Celebrado anualmente no 14º dia do mês hebraico de Adar, o Purim – ou Festa dos Sorteios – comemora a vitória da sobrevivência judaica sob domínio persa. O costume judaico nessa época é beber muito vinho, comer fritura e dar e receber mishloach manot – docinhos. Dois pratos entre os mais típicos na celebracão do Purim são as latkes (bolinhos de batatas raladas) e os sufganiot (sonhos).

YOM KIPPUR

É a data mais sagrada do ano judaico.

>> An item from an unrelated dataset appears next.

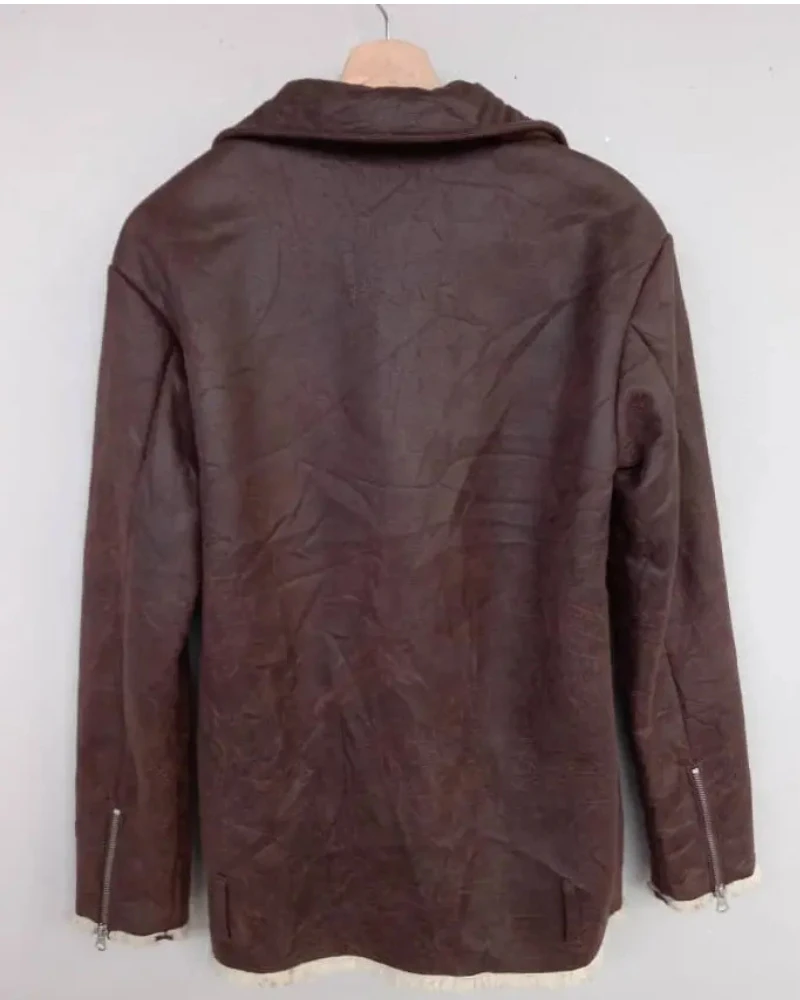 SLY Asymmetric B-3 Maroon Shearling Jacket 5 SLY Asymmetric B-3 Maroon Shearling Jacket - Image 3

Ocorre exatamente dez dias depois do Ano Novo, começando e terminando com uma refeição festiva. A que precede o jejum de 24 horas é leve, com frango, e sem temperos fortes, como pimenta e canela. Bebidas alcoólicas ficam de fora, para não dar sede. Já o jantar que encerra a celebração é farto e traz muito peixe salgado ou curtido para que sejam repostos os sais minerais perdidos durante o dia anterior.

SUCOT

Também conhecida como Festa das Tendas, começa cinco dias depois do Yom Kippur e comemora duas passagens importantes da religião: a forma como os judeus viveram por 40 anos no deserto e o início das colheitas, principalmente das frutas. Nessa época, as crianças vão para as sinagogas carregando um maço com folhas de palmeira, mirta e salgueiro. As refeições são à base de frutas e há arranjos nas sobremesas e no entorno das mesas.

PESSACH

Durante os dias da Páscoa judaica, quando é celebrado o Seder (“ordem” em hebraico), os judeus são proibidos de comer qualquer alimento fermentado. As casas são limpas de tudo o que possa ter fermento para relembrar os dias iniciais da peregrinação, nos quais não havia tempo para fermentar a massa. O primeiro jantar do feriado tem caráter didático. Os pais devem fazê-lo para ensinar os filhos sobre a saída dos judeus do Egito e o valor da liberdade. Tudo o que é servido tem um símbolo. No centro da mesa fica um prato redondo com seis alimentos: um pedaço de osso assado (representando o cordeiro pascal), um ovo cozido (que lembra o ciclo da vida), uma erva amarga e uma alface (ambos simbolizando o sofrimento da escravidão), uma massa de nozes e maçãs picadas, com gengibre e vinho (referência aos tijolos que os escravos judeus faziam) e salsão ou aipo (que representam o trabalho árido do povo escravo). Também nessa data, são preparados os famosos matzot, pães sem fermento, separados em três fileiras principais, tipificando a geração de Abraão, Isaac e Jacó e as famílias Cohen, Levi e Israel. No Seder, todo judeu deve beber quatro copos de vinho, que correspondem às quatro expressões de liberdade mencionadas na Torá.